The Athenians are Nice! (A Roman Writes From Athens)

Cicero, Letters to Atticus, 5.10 27 (June 51)

“What else besides? Nothing really except for this. Athens has been a delight to me, when it comes to the city and its decoration and the love that its people show you, a certain kind of goodwill they have for us. But many things have been changed and philosophy is disordered this way and that. If there is anything left, it is Aristos’ and I am staying with him.

I left your, or rather ‘our’, friend Zeno to Quintus even though he is close enough that we are together the whole day. I wish that you will write me of your plans as soon as you can so I may know what you are doing and where you will be at which time and, especially, when you will be in Rome.
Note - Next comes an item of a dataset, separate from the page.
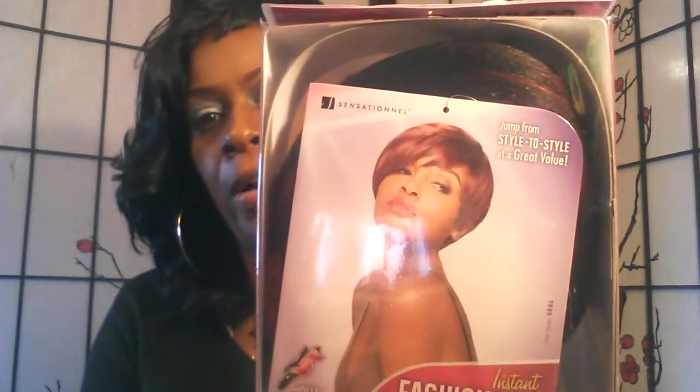Hey Divas! I'm coming to you really quickly, as you can tell by the title of this video — this is a wig review. This is a unit called Cara. It's a Sensational Instant Fashion wig. You can style it in 60 seconds, and the package looks like so.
Quid est praeterea? nihil sane nisi illud: valde me Athenae delectarunt, urbe dumtaxat et urbis ornamento et hominum amore in te, in nos quadam benevolentia; sed mu<tata mu>lta.6 philosophia sursum deorsum. si quid est, est in Aristo, apud quem eram; nam Xenonem tuum vel nostrum potius Quinto concesseram, et tamen propter vicinitatem totos dies simul eramus. tu velim cum primum poteris tua consilia ad me scribas, ut sciam quid agas, ubi quoque tempore, maxime quando Romae futurus sis.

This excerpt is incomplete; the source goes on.